Any move away from fossil fuels inevitably means an increase in biomass use alongside all other renewables and carbon storage. Increased use of biomass resources has many possible impacts, not least environmental sustainability. Thornley et al. introduce the UK’s Supergen Bioenergy Hub (SBH) sustainability indicator model to assess environmental, economic and social performances of bioenergy and thereby enable comparison of sustainability performances of bioenergy systems, feedstocks, conversion technologies and biomass supply chains.

The authors explain how some of the complexities of biomass conversion pathways can be handled in the model, and they explain how the extensive sustainability issues, that need to be balanced against each, other determine the trade-offs and the overall sustainability of a given bioenergy scheme. The presentation will introduce the SBH indicator model and provide sustainability assessment results for a number of well-established case studies.

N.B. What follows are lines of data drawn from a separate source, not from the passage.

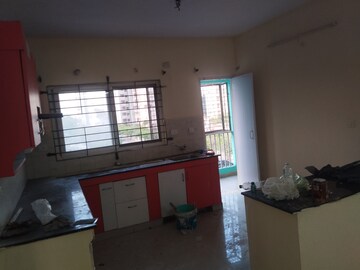 Kitchen in 3.5 BHK Apartment at Rapti Apartment, Gomti Nagar – for Rent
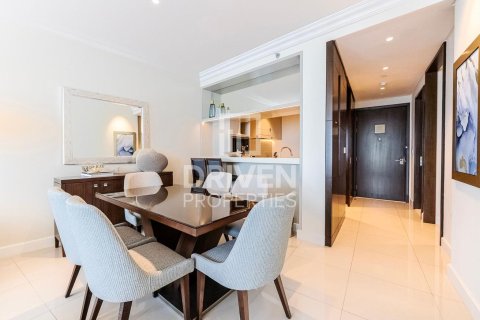 شقة للبيع في وسط مدينة دبي، دبي، الإمارات العربية المتحدة 2 غرفة نوم ، 127 متر مربع ، رقم 653900 - صورة 13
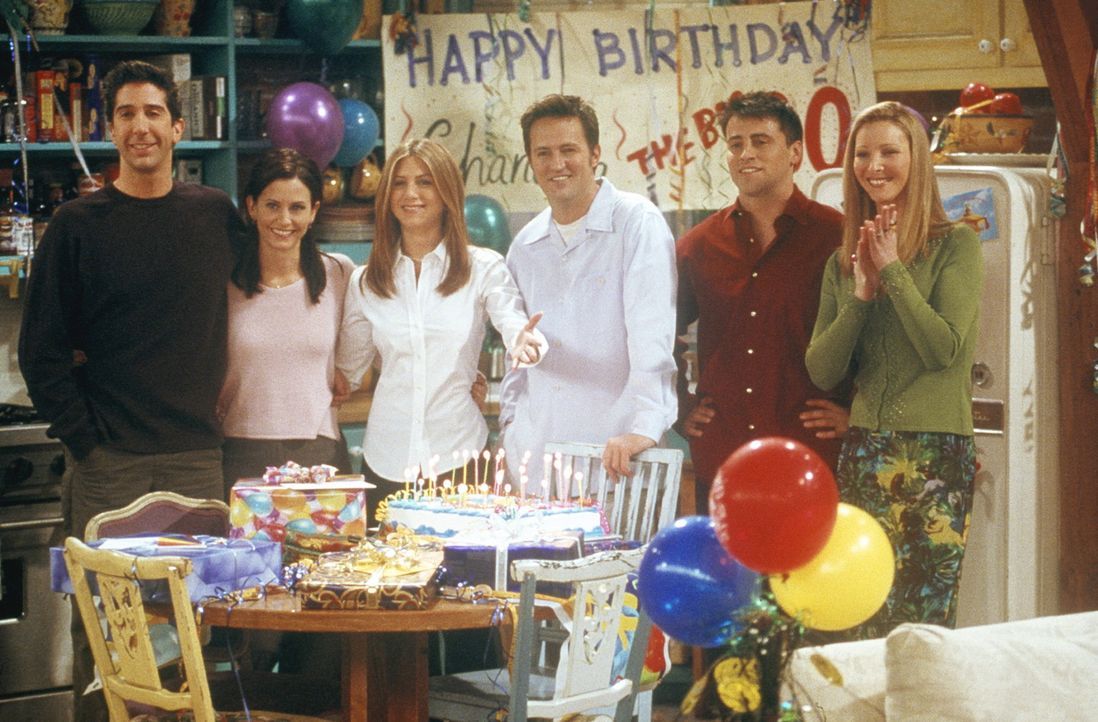 Chandler (Matthew Perry, 3.v.r.) hat seinen dreißigsten Geburtstag mit seinen Liebsten verbracht: (v.l.n.r.) Ross (David Schwimmer), Monica (Courte... - Bildquelle: TM+  2000 WARNER BROS.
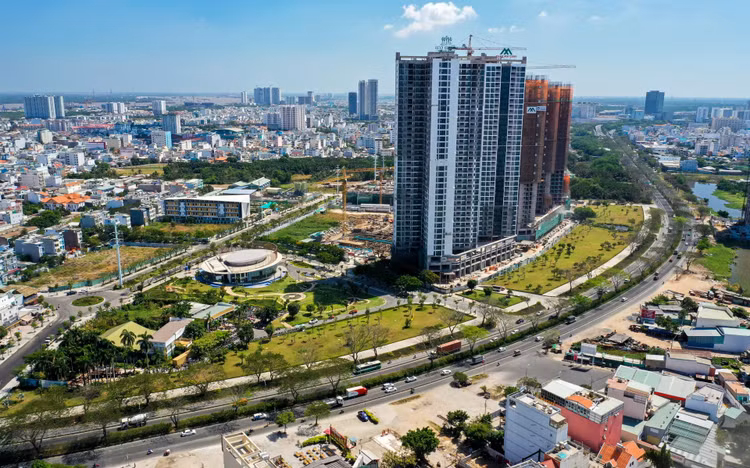 gia nha TP.HCM 2021 anh 1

Marginal land is often considered for non-food crops and can be a valuable source of biomass for bioenergy and bio-based products. Rettenmaier et al. report on the EU MAGIC project which aims at promoting the sustainable development of resource efficient and economically viable industrial crops grown on marginal lands. The environmental impacts for nine value chains were assessed by means of life cycle assessment (LCA). The authors will report results that indicate the calculated differences between bioenergy and bio-based products from standard agricultural land and from marginal land, in particular the wide scatter of results that is often found for marginal land cultivation. Also included in the assessments are the associated environmental impacts on biodiversity, water and phosphate, all of which are key parameters when considering marginal land.